**WHAT THIS TASK INVOLVES:** Beginning at the line that holds "Replicate mode. This", repeat every line through the last line of the material, exactly, and drop any pictures.
══════════
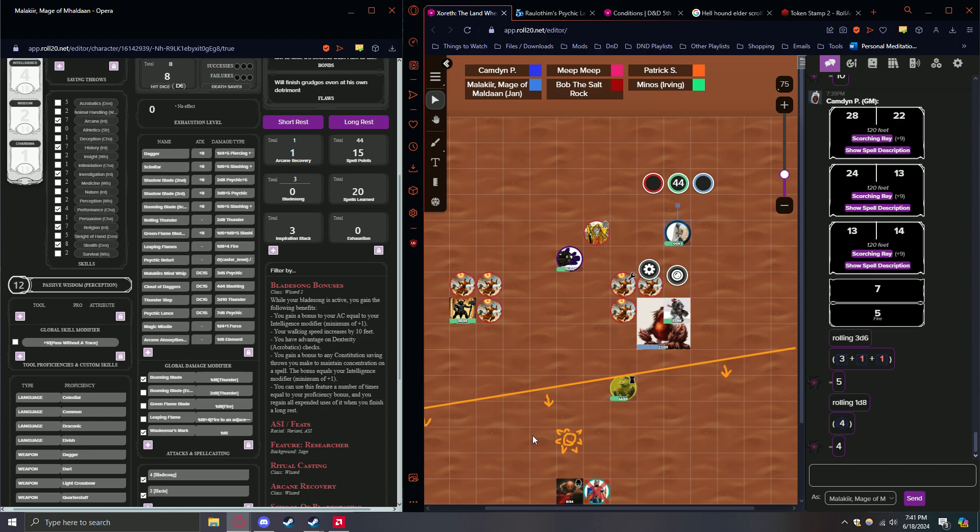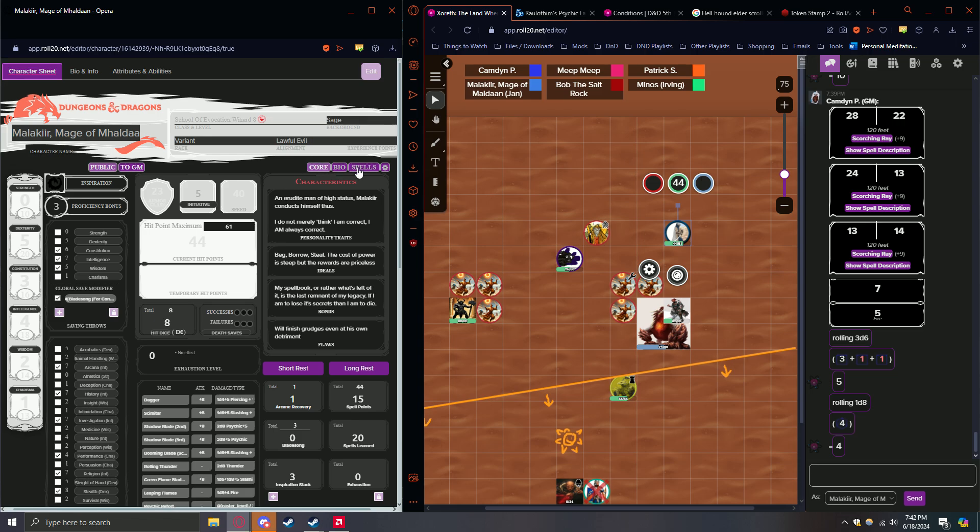forms a sort of lasso shape, and I sling it forward. A loop of purple energy slings at him as I cast Malakir's Mind Whip.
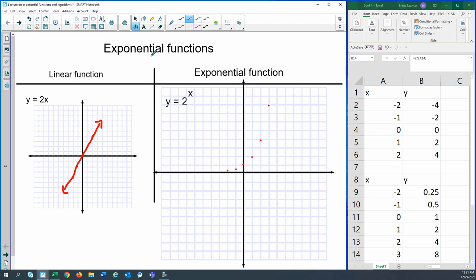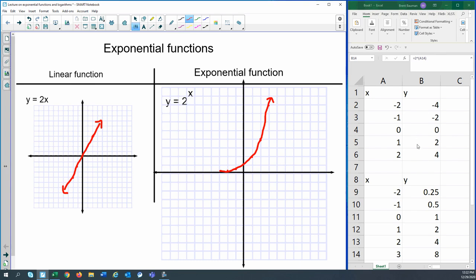Our linear equation was nice and straight, but as we connect the dots for exponential, you can see how fast it's increasing. You may have heard of exponential growth or exponential decay — that's what's happening here. We're exponentially increasing, working with 2 to the x, increasing at a faster rate than a linear equation — increasing by a factor of 2. That's a little intro showing the difference between linear and exponential.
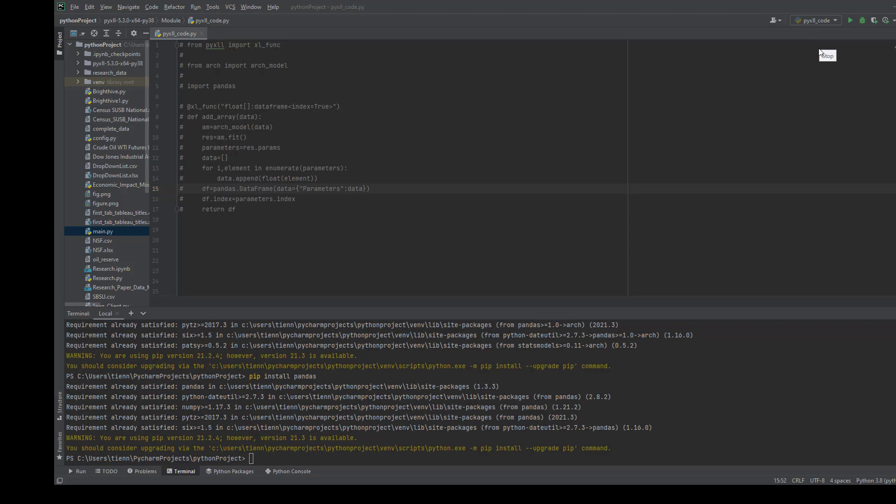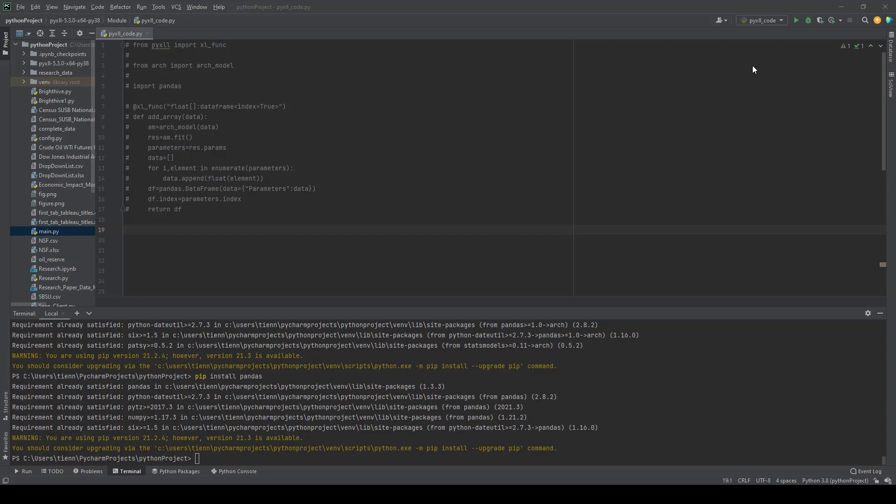Before diving into the coding session, I would like to explain a little bit about the GARCH model. The GARCH model is used to analyze and forecast the volatility of assets. In finance, we want to measure the volatility of financial assets such as individual stocks or indices. Knowing the volatility of assets at a specific point in time would help us make better decisions on whether to buy or sell assets or adjust our portfolio correspondingly.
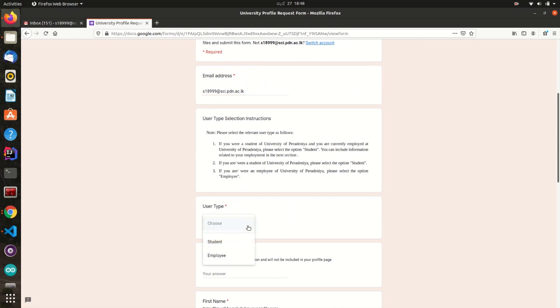There are two main options when selecting the user type. If you are a graduate at the University, please select the option Student. If you are a graduate at the University and currently employed at the University, please select the option Student. You can also include information related to your employment in the next section. If you are an employee of the University please select the option Employee.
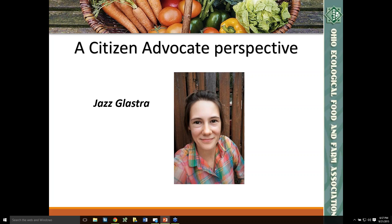Thanks so much, Jazz. I think it's a really important perspective to hear what it's like to go through that the first time. And as Jazz said, the more you make those calls, the more you interact and develop relationships with some of their staff, you'll find it's really an easy and critical process right now.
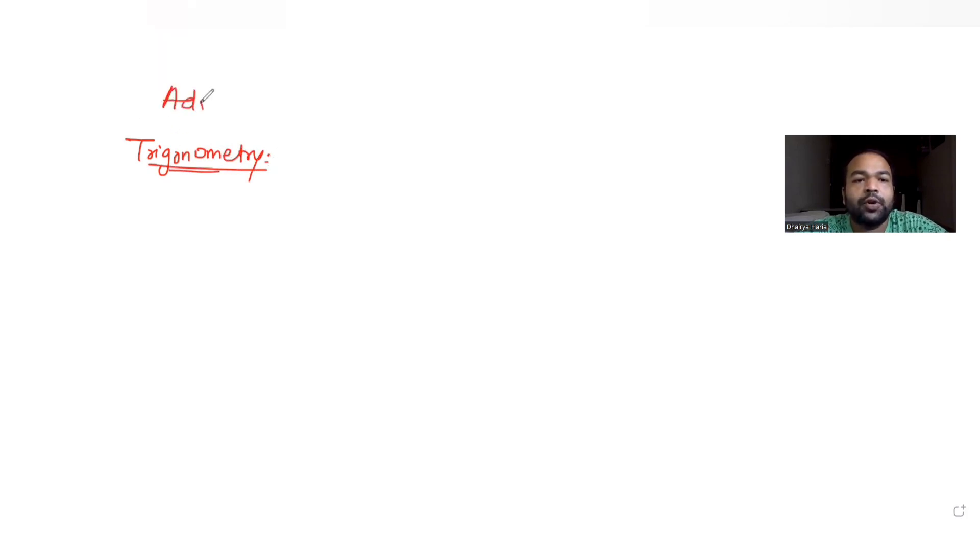Hi guys, I hope you are all doing well. Let's see today's question. So today's question, we have taken it up from the topic of Trigonometry, and we are continuing our series of questions on JEE Advanced. Today's question has been taken from the year 2009.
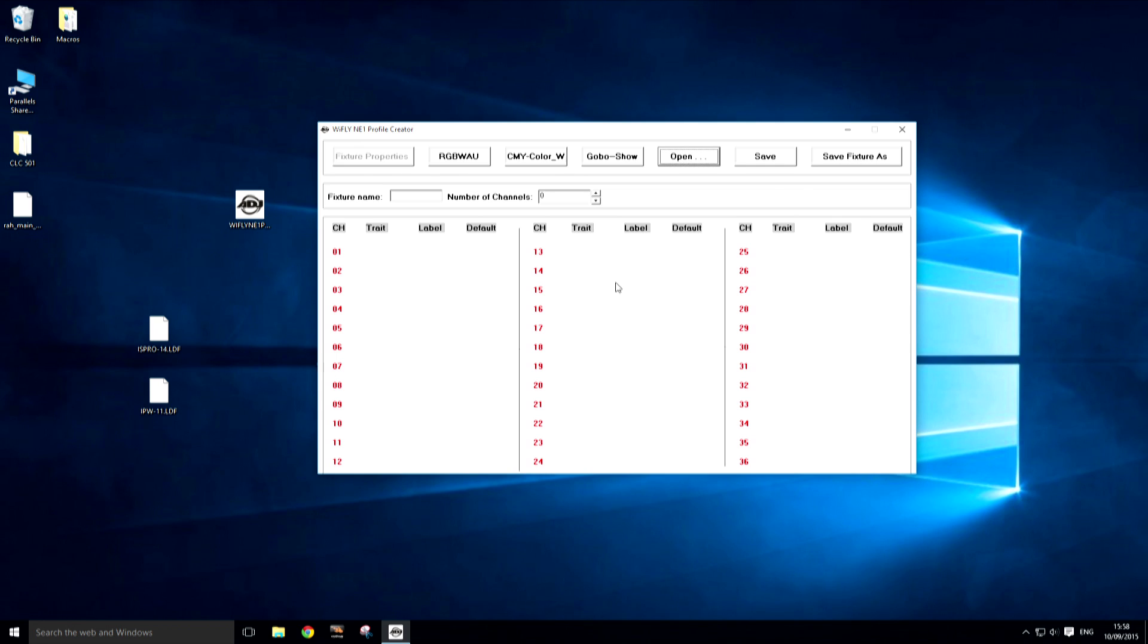Hello guys and welcome to my second video on the YFL NE1 Fixture Profile Creator. Today I'm going to show you how easy it is to build a fixture profile from scratch.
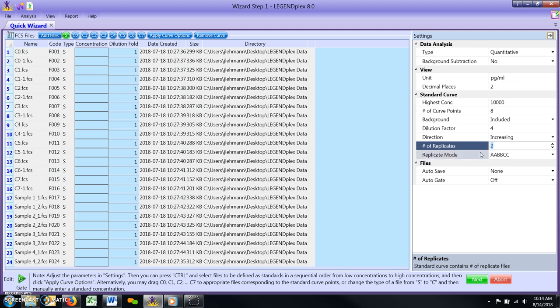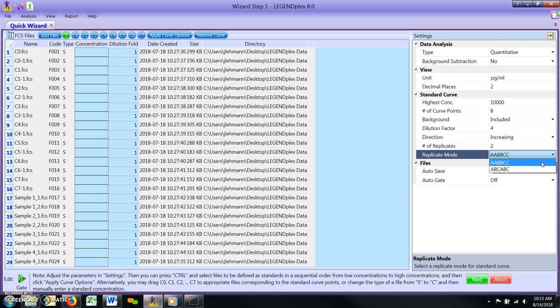Replicate mode. This parameter has two settings. AA, BB, CC, or ABC, ABC. The AA, BB, CC mode is for standard curve files arranged with replicates adjacent to one another, i.e. both replicates of C7 followed by both replicates of C6, etc.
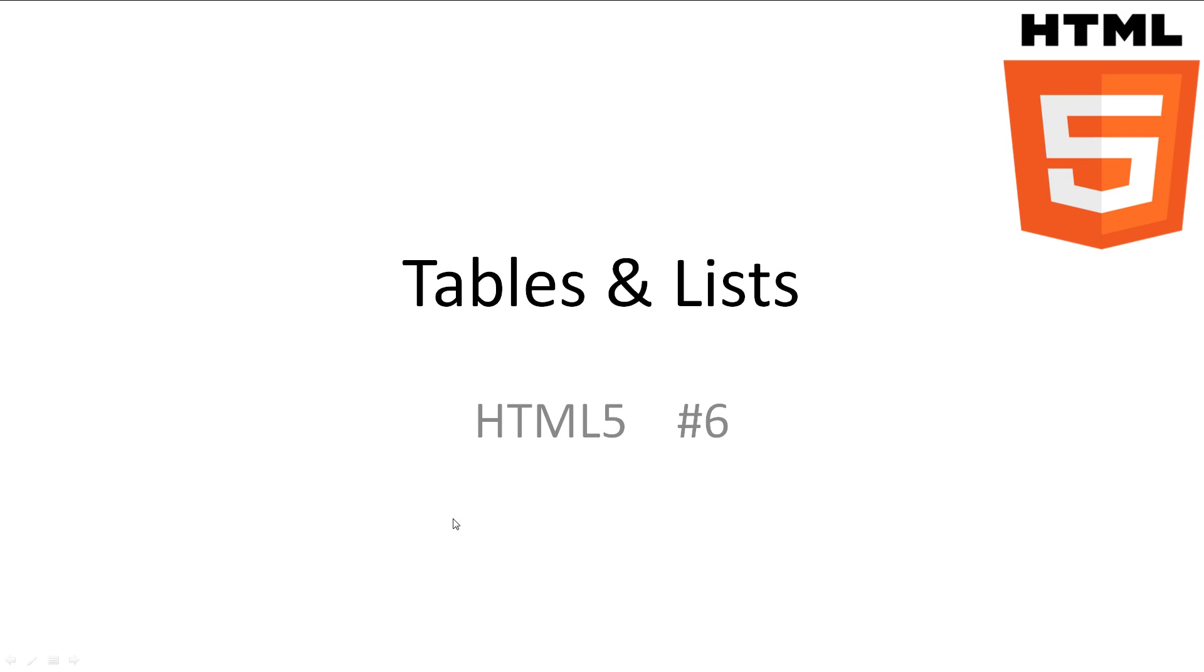Welcome to HTML5 Tutorial 6, Tables and Lists. In this video we'll be looking at how to implement tables on our web page as well as how to create neatly formed ordered and unordered lists.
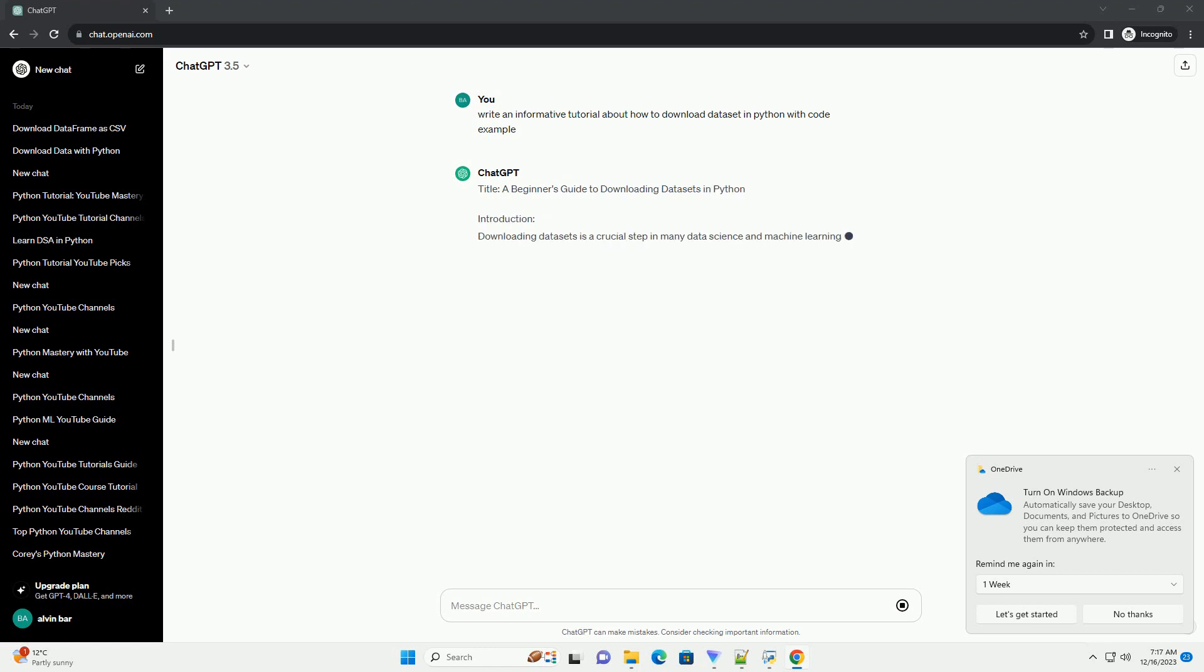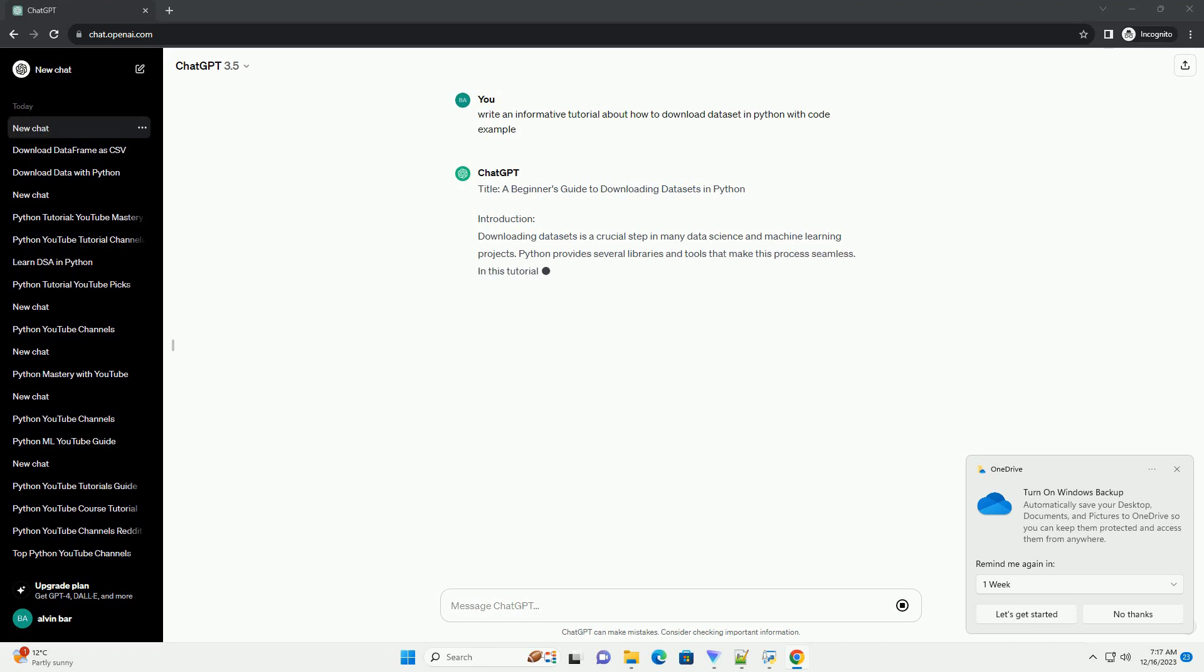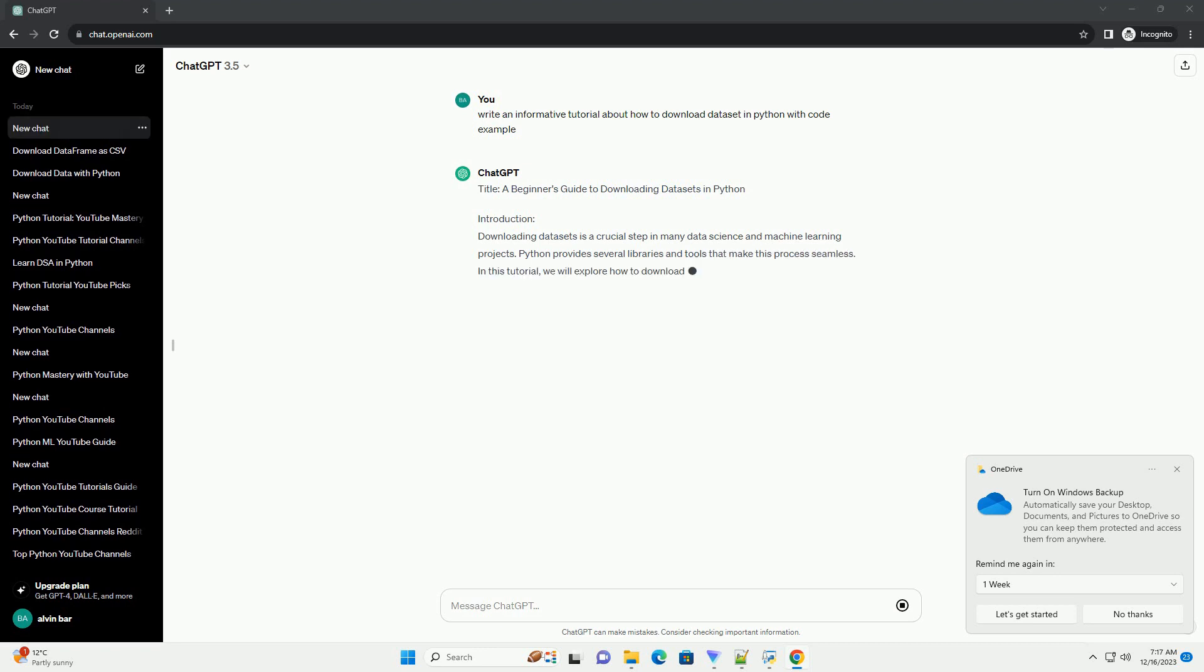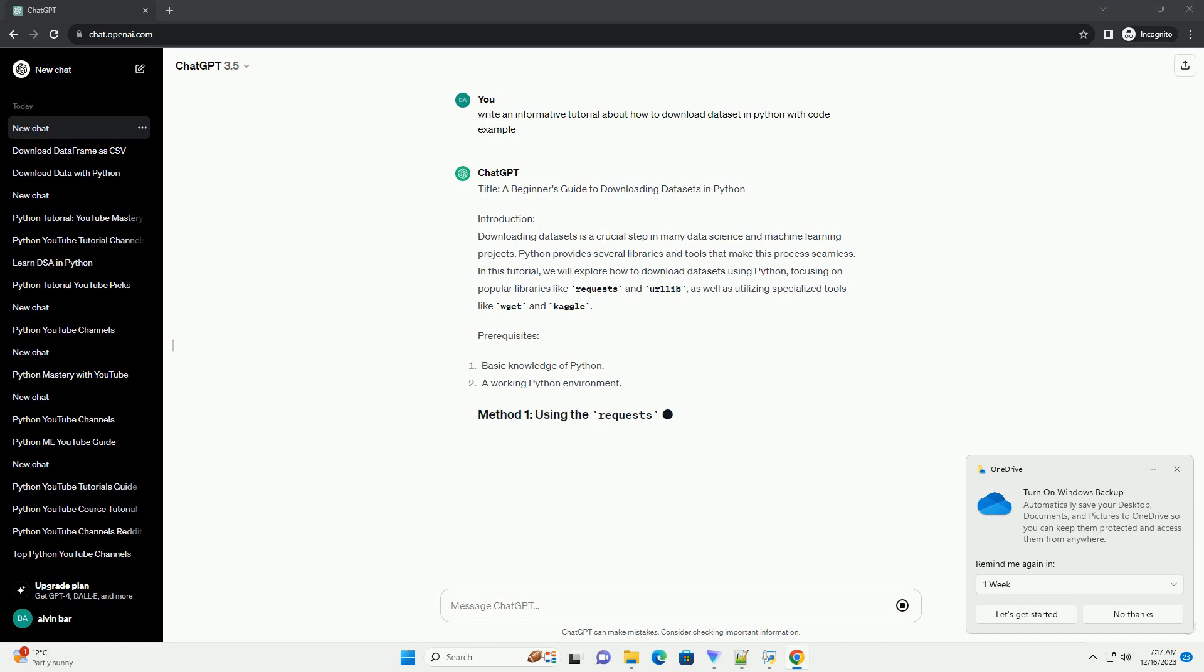Introduction. Downloading datasets is a crucial step in many data science and machine learning projects. Python provides various libraries to simplify the process of fetching datasets from the internet. In this tutorial, we will explore how to download datasets using the popular Requests library.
══════════
**TASK RESULT:**
Replicate mode. This parameter has two settings. AA, BB, CC, or ABC, ABC. The AA, BB, CC mode is for standard curve files arranged with replicates adjacent to one another, i.e. both replicates of C7 followed by both replicates of C6, etc.
Welcome to HTML5 Tutorial 6, Tables and Lists. In this video we'll be looking at how to implement tables on our web page as well as how to create neatly formed ordered and unordered lists.
Introduction. Downloading datasets is a crucial step in many data science and machine learning projects. Python provides various libraries to simplify the process of fetching datasets from the internet. In this tutorial, we will explore how to download datasets using the popular Requests library.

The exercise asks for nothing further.